Applied in this way the five core principals are divvied up differently across the cycle network. However, that’s ok because bikeability levels 1 to 3 mitigate for it by providing a clear pathway for people to attain access to the primary network. Tidy as they say in Barry.
BUT, and it really is a discriminatingly big but, it simultaneously legitimises the exclusion of anyone physically or mentally unable or just plain unwilling to use a bike in a level 3 environment. From the point of view of inclusive cycling, the neatly knotted bikeability bow wrapping LTN 2/08 together unravels so we’re left with, as the name itself implies, a divisive dual network.
By only designing for children near schools they’re effectively being banished to the pavement elsewhere. By deliberately setting out to design a dual network the majority of bike users are effectively excluded from half of that network. For good.
As a coping strategy in a climate of no political will, no apparent demand and little funding that might be considered acceptable – I’m a local campaigner, I spend my time doing what every other small local campaign and even Sustrans have been doing, looking for those easy wins to link quiet routes together and avoid the congested main roads. Now though, and heaven knows it’s been a long time coming, in the context of ‘Get Britain Cycling’ and the possibility of political will at the very highest level, it’s selling far too many bike users short.
At the conference in Bristol I remember there being repeated calls by Cyclenation and CTC for unity among campaigners.
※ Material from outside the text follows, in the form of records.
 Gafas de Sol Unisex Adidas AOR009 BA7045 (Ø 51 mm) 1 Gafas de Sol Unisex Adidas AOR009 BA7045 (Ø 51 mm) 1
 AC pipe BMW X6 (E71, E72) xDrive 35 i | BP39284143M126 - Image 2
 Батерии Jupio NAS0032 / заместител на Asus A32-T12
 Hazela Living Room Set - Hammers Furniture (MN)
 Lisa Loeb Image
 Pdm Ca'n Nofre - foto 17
What I don’t recall is anyone ever asking the question: “So what would unite us?”
This is my stab at it. One inclusive cycle network for all is something I could get behind.
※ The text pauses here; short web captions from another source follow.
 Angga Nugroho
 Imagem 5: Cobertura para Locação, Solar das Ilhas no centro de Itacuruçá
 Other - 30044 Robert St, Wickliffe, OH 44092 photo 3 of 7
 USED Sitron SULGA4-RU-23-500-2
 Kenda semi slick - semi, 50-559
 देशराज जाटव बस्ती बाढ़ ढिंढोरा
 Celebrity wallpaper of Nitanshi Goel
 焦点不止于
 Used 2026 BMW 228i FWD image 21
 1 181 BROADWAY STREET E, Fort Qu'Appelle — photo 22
Turn LTN 2/08 on its head by accepting that there are myriad different types of bike user who all need to be catered for properly. We can debate what that network might look like, what the minimum entry requirement might be or what the best way of achieving it is, but as a basic principle to ‘Get Britain Cycling’ surely that’s one thing we can agree on. A solution that gives us all a stake in the same thing.
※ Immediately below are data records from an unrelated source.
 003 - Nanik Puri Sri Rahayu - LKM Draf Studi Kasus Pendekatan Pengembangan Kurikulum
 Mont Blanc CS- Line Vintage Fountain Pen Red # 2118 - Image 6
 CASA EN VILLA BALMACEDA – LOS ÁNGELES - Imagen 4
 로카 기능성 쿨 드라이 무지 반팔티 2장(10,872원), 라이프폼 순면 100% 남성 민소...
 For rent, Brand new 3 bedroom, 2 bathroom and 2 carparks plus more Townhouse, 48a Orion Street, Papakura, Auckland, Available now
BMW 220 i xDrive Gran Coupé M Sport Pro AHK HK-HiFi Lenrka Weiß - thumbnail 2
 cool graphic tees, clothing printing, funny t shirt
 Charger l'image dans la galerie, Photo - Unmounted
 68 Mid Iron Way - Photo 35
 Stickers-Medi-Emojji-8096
Going back to that clip of Ben Plowden, let’s take his 25 year old commuter on the £2,000 carbon fibre racing bike, place part of that commute on the Gloucester Road, and then reflect upon the question Ben was posing. Is our hypothetical commuter going to begrudge sharing a part of what is currently the primary network with Beth, or anyone else living in her community, who wants to cycle safely and legitimately along the Gloucester Road? Are we really suggesting that our commuter, the one demanding that motorised traffic share Gloucester Road as it currently stands, isn’t going to share a cycle path, one that’s wide enough to pass a trike, with the local community?
Judging by some of the announcements TfL have made recently I imagine Ben has come to the same conclusion I have, which is that we’re taking a very dim view of our commuters who, if they’re that bothered, will probably just get up earlier to have a clear run.
With the help of Bristol Cycling Campaign and Sustrans, and to the benefit of all of those under represented groups in the cycling community, Beth will achieve her goal if we all pursue one, unifying, inclusive, cycle network.